Resensi King's Cage Buku Ketiga Red Queen

Akhirnya saya sampai juga di buku ketiga seri Red Queen namun, kali ini nggak beli buku fisiknya tapi download di google book, biar bisa dibaca kapanpun juga. Nggak kuat dah kalau harus bawa-bawa King's Cage setebal 700 halaman ini dan benar saja perjalanan commuter line nggak terasa berkat fokus baca King's Cage rupanya Victoria Aveyard masih mampu menyihir saya lewat seri ketiga Red Queen ini walaupun, sejujurnya berharap King's Cage adalah seri terakhir supaya Red Queen seperti Lord Of The Rings yang cuma tiga seri terus langsung habis, sebab konflik peperangan Mare dan kaumnya ini akan terasa menjemukan kalau dipaksa sampai seperti Harry Potter.

Sinopsi
Sesuai judulnya King's Cage menceritakan dimana akhirnya Mare tertangkap oleh Maven dan selama berbulan-bulan berada di bawah kendali Maven.

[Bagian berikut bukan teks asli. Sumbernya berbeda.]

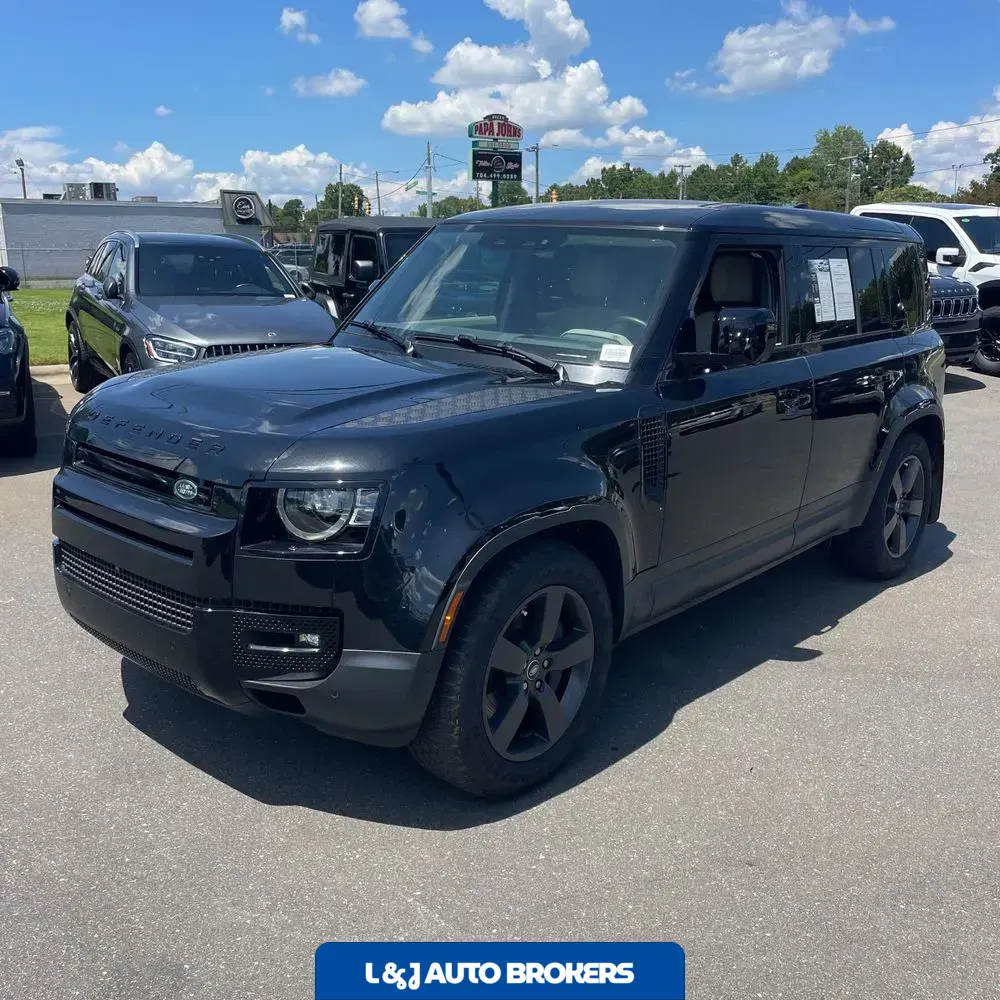 2024 Land Rover Defender 110 V8 P500 SE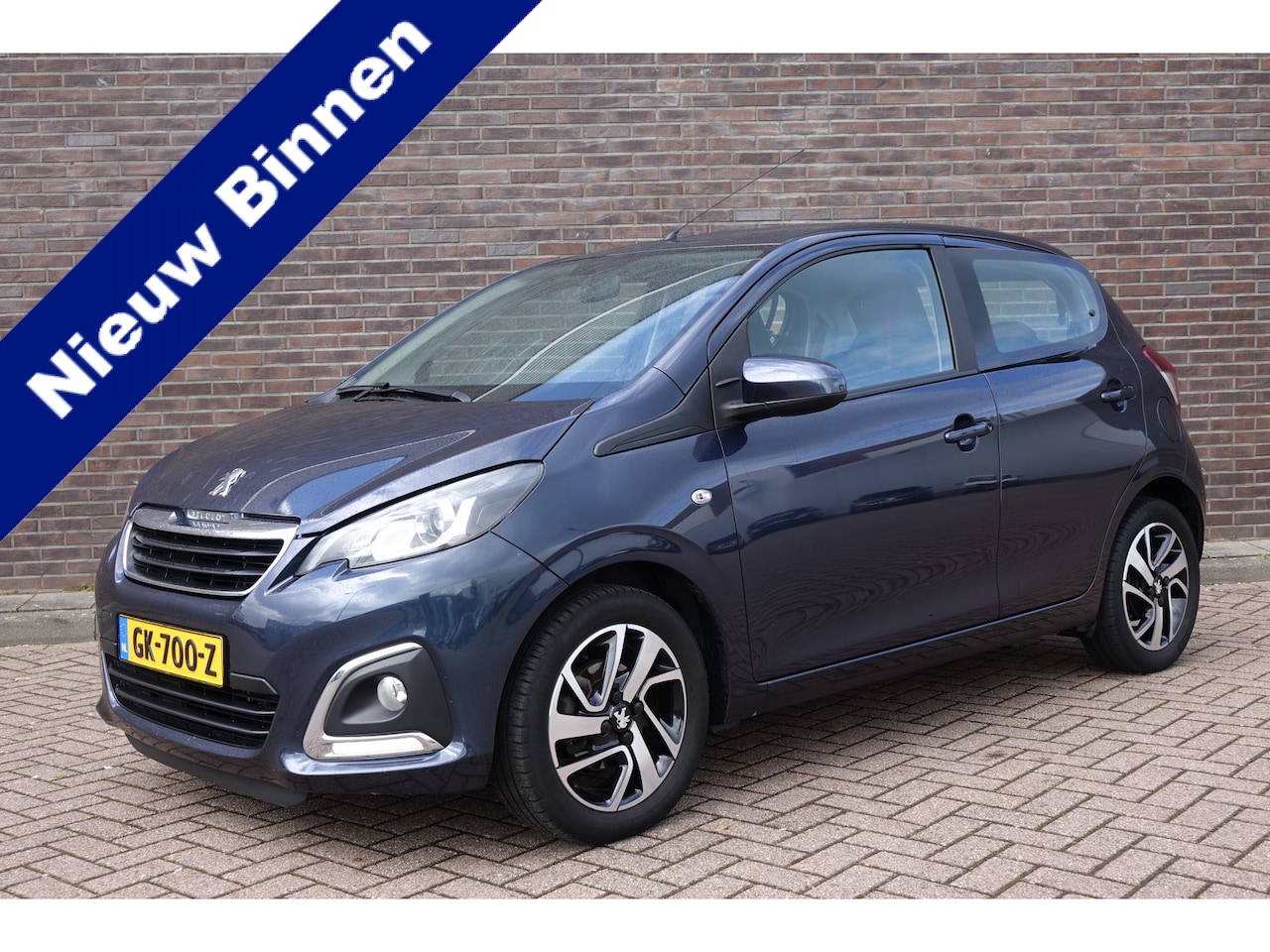 Peugeot 108 - 1.2 VTi Allure 1.2 VTi Allure, 85PK, zeer mooie en prettige auto om mee te rijden Airco, 5 deurs, blauw m - AutoWereld.nl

Mare dimanfaatkan Maven sebagai trophy dan alat politik untuk kekuasannya, Maven memutar balikan fakta sehingga banyak kaum darah baru yang ikut bergabung ke dalam kerajaan Norta sementara Mare nggak bisa berbuat banyak karena dikunci oleh batu hening yang mematikan kekuatannya.

Diam-diam Pasukan Merah mempunyai rencana sendiri bahkan, atas inisiatif sendiri, Cal mengirim penyusup ke istana Norta  dan berbuntut pada tewasnya Nanny. Kerajaan Norta di bawah rezim Maven tidak solid, banyak klan yang tidak puas dan akhirnya berkoalisi untuk membuat pemberontakan, nyaris saja nyawa Maven hilang beruntung klan penyembuh memperbaiki lehernya yang tertembus peluru.

Dengan situasi yang tidak menentu Maven merubah rencana dan membawa Mare berkeliling, guna membuat aliansi baru dengan kerajaan lain dan memperoleh kepercayaan rakyat namun, Maven gagal mengantisipasi satu lagi pemberontakan dari klan magnetron dan berimbas pada bebasnya Mare kembali ke Pasukan Merah.

Resensi   
Sekali lagi Victoria Aveyard harus diacungi jempol, kalau penulis lokal sibuk membuat tokoh maha sempurna dan nggak pernah berani menghancurkan tokohnya, Victoria Aveyard malah sebaliknya. King's Cage justru menjatuhkan Mare ketitik penghabisan dimana dia nggak bisa berbuat apa-apa, Mare tokoh yang kuat dan cerdik menjadi lemah dan bagai anjing yang diikat. 

Beragam plot twist pun masih disuguhkan, kita nggak bakal bisa nebak apa yang bakal terjadi di halaman selanjutnya. Selain itu King's Cage nampaknya mengikuti trend dimana POV menggunakan tiga tokoh yakni Mare, Cameron dan Evageline. Terus terang POV Cameron yang paling garing dan membosankan sebab tokoh Cameron sendiri memang nggak semenarik Mare dan Evageline.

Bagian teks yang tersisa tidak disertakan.